-- ASSIGNMENT --
Among the entries below, how many lines have the string "Clothes" in them? Only the number should be given.

DATA SUPPLIED: Begin

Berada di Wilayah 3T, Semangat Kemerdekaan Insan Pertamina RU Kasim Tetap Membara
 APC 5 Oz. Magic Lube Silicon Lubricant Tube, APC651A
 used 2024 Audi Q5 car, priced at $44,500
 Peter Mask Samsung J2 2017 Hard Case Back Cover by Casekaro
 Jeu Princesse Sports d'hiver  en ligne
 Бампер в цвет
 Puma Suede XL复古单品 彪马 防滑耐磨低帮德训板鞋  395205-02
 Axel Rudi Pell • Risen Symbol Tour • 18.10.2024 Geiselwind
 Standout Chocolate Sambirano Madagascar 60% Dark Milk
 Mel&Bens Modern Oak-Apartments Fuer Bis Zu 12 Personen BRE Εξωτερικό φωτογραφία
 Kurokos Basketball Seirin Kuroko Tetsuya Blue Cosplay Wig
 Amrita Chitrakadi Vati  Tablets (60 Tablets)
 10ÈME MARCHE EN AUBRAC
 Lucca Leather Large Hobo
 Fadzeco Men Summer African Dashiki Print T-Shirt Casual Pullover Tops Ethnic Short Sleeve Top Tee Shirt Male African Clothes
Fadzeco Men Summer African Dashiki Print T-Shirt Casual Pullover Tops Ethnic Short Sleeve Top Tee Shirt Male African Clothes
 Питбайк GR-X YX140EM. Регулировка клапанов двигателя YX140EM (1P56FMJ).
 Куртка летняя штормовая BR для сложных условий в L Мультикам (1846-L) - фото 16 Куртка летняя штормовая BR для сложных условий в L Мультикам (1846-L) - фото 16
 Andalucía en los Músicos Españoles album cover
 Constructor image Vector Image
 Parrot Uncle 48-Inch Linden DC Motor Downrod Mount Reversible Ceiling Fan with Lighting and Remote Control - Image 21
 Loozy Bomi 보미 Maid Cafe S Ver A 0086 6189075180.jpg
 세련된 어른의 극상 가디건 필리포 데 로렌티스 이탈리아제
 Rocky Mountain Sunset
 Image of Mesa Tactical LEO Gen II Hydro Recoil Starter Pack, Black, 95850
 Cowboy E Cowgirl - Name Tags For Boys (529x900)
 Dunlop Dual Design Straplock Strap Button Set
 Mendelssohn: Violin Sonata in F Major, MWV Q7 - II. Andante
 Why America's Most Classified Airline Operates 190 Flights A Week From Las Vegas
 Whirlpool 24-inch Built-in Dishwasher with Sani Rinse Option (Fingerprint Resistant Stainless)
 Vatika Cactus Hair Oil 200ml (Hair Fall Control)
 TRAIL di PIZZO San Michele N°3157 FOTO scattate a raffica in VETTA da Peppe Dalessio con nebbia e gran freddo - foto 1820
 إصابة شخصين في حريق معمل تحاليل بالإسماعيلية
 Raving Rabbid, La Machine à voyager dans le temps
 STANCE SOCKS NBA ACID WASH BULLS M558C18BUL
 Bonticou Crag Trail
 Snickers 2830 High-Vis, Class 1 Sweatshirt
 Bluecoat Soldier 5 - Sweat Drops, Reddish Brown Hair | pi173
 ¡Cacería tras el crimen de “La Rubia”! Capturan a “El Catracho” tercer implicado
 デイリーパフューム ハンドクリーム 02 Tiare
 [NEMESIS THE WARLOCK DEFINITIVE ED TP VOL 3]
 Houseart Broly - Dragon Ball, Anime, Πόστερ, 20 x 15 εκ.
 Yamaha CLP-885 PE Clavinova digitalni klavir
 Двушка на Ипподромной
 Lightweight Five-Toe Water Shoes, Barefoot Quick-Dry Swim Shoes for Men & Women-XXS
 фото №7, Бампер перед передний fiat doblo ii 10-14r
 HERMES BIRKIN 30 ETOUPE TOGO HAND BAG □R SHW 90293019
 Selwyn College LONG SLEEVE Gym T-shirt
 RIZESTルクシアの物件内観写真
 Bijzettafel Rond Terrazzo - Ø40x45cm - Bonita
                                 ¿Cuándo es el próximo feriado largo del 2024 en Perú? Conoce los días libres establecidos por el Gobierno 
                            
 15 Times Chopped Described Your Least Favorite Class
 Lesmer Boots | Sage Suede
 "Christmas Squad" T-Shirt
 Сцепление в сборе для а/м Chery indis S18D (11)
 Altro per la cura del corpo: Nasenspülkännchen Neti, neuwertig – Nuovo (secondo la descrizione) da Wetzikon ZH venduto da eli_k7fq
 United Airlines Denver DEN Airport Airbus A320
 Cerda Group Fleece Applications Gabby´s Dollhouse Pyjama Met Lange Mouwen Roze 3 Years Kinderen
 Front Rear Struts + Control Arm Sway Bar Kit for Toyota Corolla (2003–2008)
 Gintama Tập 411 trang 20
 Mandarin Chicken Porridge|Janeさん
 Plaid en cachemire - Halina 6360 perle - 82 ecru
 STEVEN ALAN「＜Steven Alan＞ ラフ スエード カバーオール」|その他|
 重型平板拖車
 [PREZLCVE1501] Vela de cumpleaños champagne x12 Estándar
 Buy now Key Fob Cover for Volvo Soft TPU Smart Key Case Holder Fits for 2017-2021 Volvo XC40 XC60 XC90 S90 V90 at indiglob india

DATA SUPPLIED: End

-- FINISHED EXERCISE --
2